═══ THE RECORDS ═══
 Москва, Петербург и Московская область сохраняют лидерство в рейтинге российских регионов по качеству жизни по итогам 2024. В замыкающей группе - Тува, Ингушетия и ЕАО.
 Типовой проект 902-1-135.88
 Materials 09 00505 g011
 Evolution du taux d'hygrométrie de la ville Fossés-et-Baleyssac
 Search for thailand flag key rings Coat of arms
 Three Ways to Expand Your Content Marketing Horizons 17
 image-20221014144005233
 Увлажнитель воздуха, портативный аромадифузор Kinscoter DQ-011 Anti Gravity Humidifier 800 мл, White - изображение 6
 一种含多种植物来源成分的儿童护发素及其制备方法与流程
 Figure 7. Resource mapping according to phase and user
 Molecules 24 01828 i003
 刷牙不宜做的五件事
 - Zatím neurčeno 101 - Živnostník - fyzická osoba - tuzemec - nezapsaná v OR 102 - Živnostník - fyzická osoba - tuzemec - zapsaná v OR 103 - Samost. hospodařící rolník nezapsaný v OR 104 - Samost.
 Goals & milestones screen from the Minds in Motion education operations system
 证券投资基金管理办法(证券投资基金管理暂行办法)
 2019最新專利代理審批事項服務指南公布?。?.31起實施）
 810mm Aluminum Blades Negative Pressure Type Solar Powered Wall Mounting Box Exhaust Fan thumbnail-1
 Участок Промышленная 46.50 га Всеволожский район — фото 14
═══
- [WHAT YOU ARE ASKED TO DO]: Output the records above, each one exactly, with none left out.

- [YOUR SOLUTION]:
 Москва, Петербург и Московская область сохраняют лидерство в рейтинге российских регионов по качеству жизни по итогам 2024. В замыкающей группе - Тува, Ингушетия и ЕАО.
 Типовой проект 902-1-135.88
 Materials 09 00505 g011
 Evolution du taux d'hygrométrie de la ville Fossés-et-Baleyssac
 Search for thailand flag key rings Coat of arms
 Three Ways to Expand Your Content Marketing Horizons 17
 image-20221014144005233
 Увлажнитель воздуха, портативный аромадифузор Kinscoter DQ-011 Anti Gravity Humidifier 800 мл, White - изображение 6
 一种含多种植物来源成分的儿童护发素及其制备方法与流程
 Figure 7. Resource mapping according to phase and user
 Molecules 24 01828 i003
 刷牙不宜做的五件事
 - Zatím neurčeno 101 - Živnostník - fyzická osoba - tuzemec - nezapsaná v OR 102 - Živnostník - fyzická osoba - tuzemec - zapsaná v OR 103 - Samost. hospodařící rolník nezapsaný v OR 104 - Samost.
 Goals & milestones screen from the Minds in Motion education operations system
 证券投资基金管理办法(证券投资基金管理暂行办法)
 2019最新專利代理審批事項服務指南公布?。?.31起實施）
 810mm Aluminum Blades Negative Pressure Type Solar Powered Wall Mounting Box Exhaust Fan thumbnail-1
 Участок Промышленная 46.50 га Всеволожский район — фото 14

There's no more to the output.